The currency of time
How should we assign value to a game and its content? As I’ve gotten older and as video games—and theoretically, the hours I spend on them—have become more expensive, I’ve found myself doing a familiar sort of mental arithmetic. Is the metric of dollars spent to time played an effective measure of a game’s value? But how does this factor in grind? How much grind is too much? In my opinion, a good game takes your time and your effort and your imagination and performs an alchemy that makes the sacrifice of those things feel worthwhile.
Genshin is truly asking for your time. The real-time gated primogem economy combined with a mixture of the relatively unobtrusive energy system and a robust fortnightly event schedule means that to get the absolute most out of the game, you’ll have to be committed. On the one hand, this habit of short gaming sessions does make the game manageable, and stops me from drawn out binges—but on the other, it’s an obvious ploy to create more frequent play habits over a longer term, partially driven by FOMO. If you don’t use your energy today, it’s wasted. If you don’t play the event sometime during those two weeks, you’ve missed out.
In a way, my investment in Genshin Impact feels like my experience watching TV shows and reading comics almost 10 years ago.

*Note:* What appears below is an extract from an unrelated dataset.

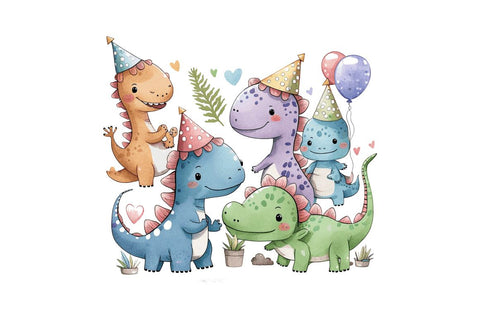 Watercolor Cute Dinosaurs Party Bundle Sublimation Regulrcrative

A medium that encourages and expects me to show up week after week to stay up to date. But I can’t say the experience is an entirely negative one, there’s a comfortable familiarity and excitement to logging in and seeing that a new event has begun, and with it the return or addition of mini-games and quest lines. And there’s a definite satisfaction to crafting a team of characters I enjoy. When I said that on particular days I was logging in to play one particular Genshin, sometimes the side I was choosing to play was the gacha. I wanted to do my dailies, smash through the abyss, and ‘earn’ my next character.
The base of Genshin Impact, that engaging ‘first game’, is a unique gaming experience that I can confidently recommend to anyone who’s a fan of the genres and media it draws inspiration from. But the ‘second game’ of Genshin continues to confuse me. Sometimes I find myself unsure of whether I’m playing or being played.
Into the future
The list of genres Genshin Impact occupies continues to grow: Anime RPG; Zelda-style Action-Adventurer; Social Sim; Farm Sim. And a year into the game, the amount of care put into certain aspects of the game gives me confidence that the game’s designers will continue to iterate and improve on the parts of the game I love.
But while the insane two billion dollars in sales they’ve achieved makes me believe that they’ll have more than enough resources to do so—the question of how that money was acquired concerns me. Not only because it represents a deeply cynical financial strategy for interacting with their fans, but because the game, and the community’s perception of it, is irrevocably altered by its existence.
In preparation for this reflection, I made a new account and played the game from the beginning. It was scary and confronting to, even temporarily, abandon the account that I had put time, effort, and yes, money into. But in doing so, I realised there was a gaming experience that I’d somehow lost track of in order to pursue something else.
It’s my hope that as time passes, Mihoyo puts less effort into making us forget how good their game can be.